Lincoln, King and Obama’s Second Inauguration

On Sunday, for the second and final time in his life, Barack Hussein Obama will be sworn in as President of the United States by Chief Justice John Roberts.

It will be a moment drenched in historical significance.

In November Obama defeated Republican opponent Mitt Romney, the former governor of Massachusetts, to gain re-election to the nation’s highest political office.

In doing so, America again chose the son of a black Kenyan father and a white American mother to lead it.

For many, Obama’s victory was further proof of the progress the country has made in the 150 years since Abraham Lincoln, another lanky lawyer from Illinois, advanced the abolition of slavery and the Congress passed the 13th Amendment.

This August will also mark 50 years since Dr. Martin Luther King, Jr., standing in front of the memorial created in honor of the slain 16th president, spoke without notes in a 15-minute address that instantly and permanently entered the annals of American oratory.

King’s speech in front of an estimated 250,000 people has become most well-known in the ensuring decades for its description of his dream that the sons of former slaves and slave owners would eat together at the table of brotherhood and that his children would grow up to live in a country in which they would be judged by the content of their character, not the color of their skin.

But the substance of the speech before the articulation of King’s dream was that he and all the other marchers had come to urge the nation to make good on its promises.

In his opening paragraphs, King gave a rhetorical tip of the hat to Lincoln’s remarks at Gettysburg, perhaps his greatest address, before launching into the guts of his message:

Five score years ago, a great American, in whose symbolic shadow we stand today, signed the Emancipation Proclamation. This momentous decree came as a great beacon light of hope to millions of Negro slaves who had been seared in the flames of withering injustice. It came as a joyous daybreak to end the long night of their captivity.

But one hundred years later, the Negro still is not free. One hundred years later, the life of the Negro is still sadly crippled by the manacles of segregation and the chains of discrimination. One hundred years later, the Negro lives on a lonely island of poverty in the midst of a vast ocean of material prosperity. One hundred years later, the Negro is still languishing in the corners of American society and finds himself an exile in his own land. So we have come here today to dramatize a shameful condition.

In a sense we have come to our nation’s capital to cash a check. When the architects of our republic wrote the magnificent words of the Constitution and the Declaration of Independence, they were signing a promissory note to which every American was to fall heir. This note was a promise that all men, yes, black men as well as white men, would be guaranteed the unalienable rights of life, liberty, and the pursuit of happiness.

For those familiar with King’s rhetoric, these opening paragraphs bring out one of the major thrusts of his arguments made in his earliest days as an impromptu leader of the Montgomery Bus Boycott that catapulted him to national prominence through to his final campaign in Memphis: America had not matched its lofty promises with lived reality.
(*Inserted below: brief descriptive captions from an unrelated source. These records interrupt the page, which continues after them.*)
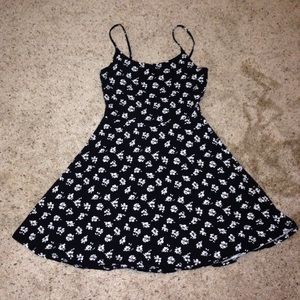 Forever 21 floral dress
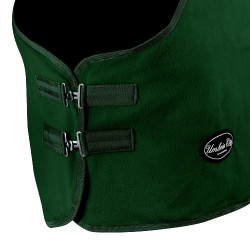 Coperta in Pile Antipilling Yukon Umbria Equitazione Verde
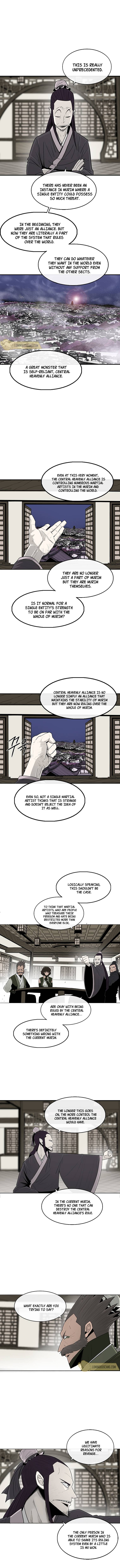 The Legend of the Northern Blade Chapter 94 49 3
The people who were protesting were urging the nation to be true to its creed.

“And we are not wrong; we are not wrong in what we are doing,” King declared at one of the first meetings of the Montgomery Improvement Association that was convened after Rosa Parks’ arrest. “(Well) If we are wrong, the Supreme Court of this nation is wrong. (Yes sir) [applause] If we are wrong, the Constitution of the United States is wrong.”

Obama will bring Lincoln and King together during his oath of office by placing his hand on two bibles stacked on top of each other.

One of these holy books, and the one he used four years ago, belonged to Lincoln.

The other was a traveling bible owned by Dr. King.

It is important to appreciate just how far the nation, pushed by the protests of thousands of ordinary Americans, has come since King’s memorable address.

Indeed, it can be tempting at this moment to look at Obama’s wins – something that literally seemed inconceivable less than 20 years ago, and conclude that America has truly become a post-racial society.

To my view, that would be a mistake.

While there has been great progress, so, too, is there much work to do before the nation can say that the promises of democracy have truly been extended to all Americans.

There are more Americans living in poverty than at any time in our nation’s history.

Black people continue to be highly overrepresented in America’s prisons.

We still live in very segregated communities.

Our children attend unequal schools.

I could go on, and you get the idea.

In his first campaign, Obama offered soaring promises of transformational change that he followed with what many felt was overly compromising governance.

This summer and fall, he advanced a more measured, less ambitious plan for America; yet since November he has shown less willingness to compromise with his implacable opponents and a stronger desire to take on politically unpopular issues like immigration reform.

The eyes of the nation and the world will be on him on Monday, when the public ceremonies take place.

Mindful of the progress the nation has made and aware of unfinished business that lies ahead, I will be watching, too.